- **The problem**: Every line from the one holding "Last Light Falling" through the one holding "6111 N FM 620, Austin, TX" in the data below must be returned exactly, both ends included, with pictures left out and nothing else added.

- **Available data**:
###

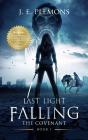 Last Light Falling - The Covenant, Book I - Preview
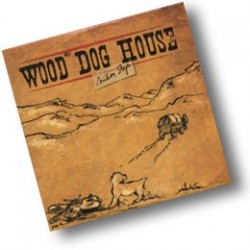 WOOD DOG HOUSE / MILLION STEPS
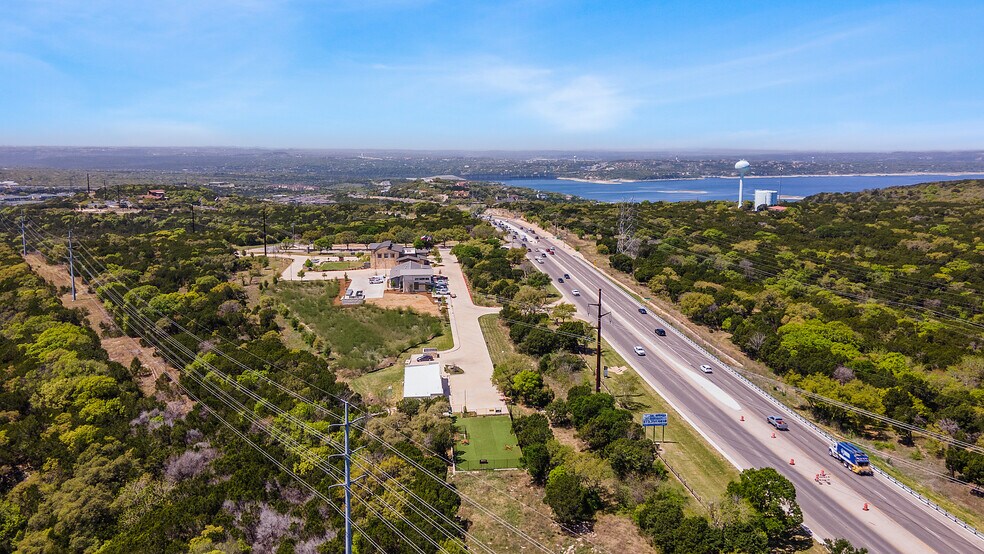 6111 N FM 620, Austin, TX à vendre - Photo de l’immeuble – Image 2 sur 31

###

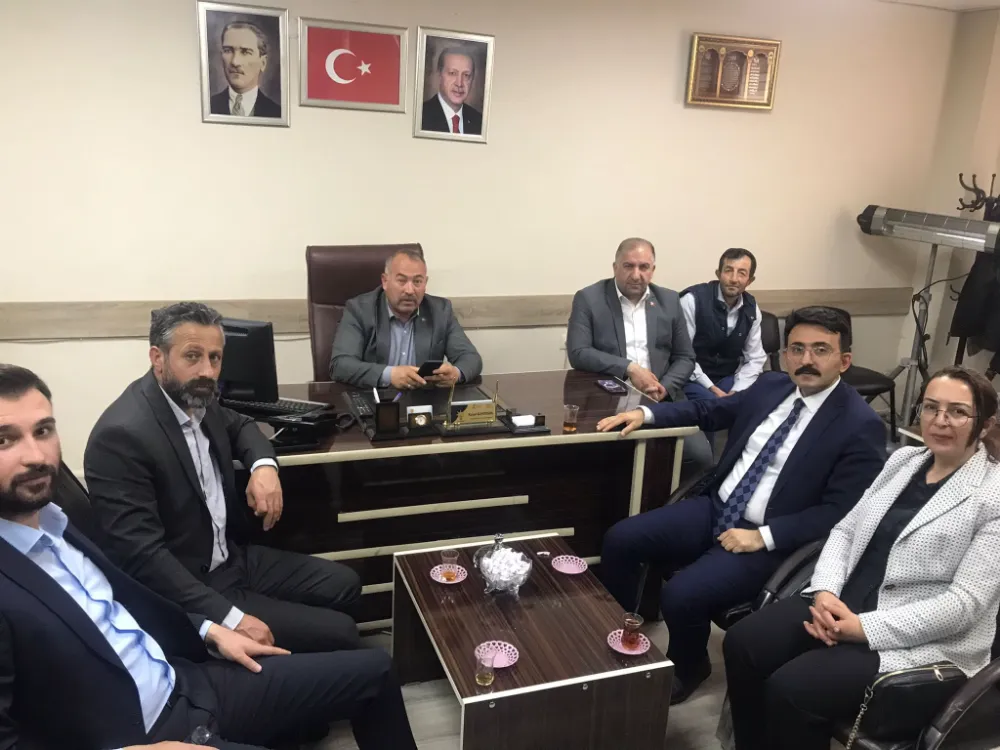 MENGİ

###

- **Exercise output**:
 Last Light Falling - The Covenant, Book I - Preview
 WOOD DOG HOUSE / MILLION STEPS
 6111 N FM 620, Austin, TX à vendre - Photo de l’immeuble – Image 2 sur 31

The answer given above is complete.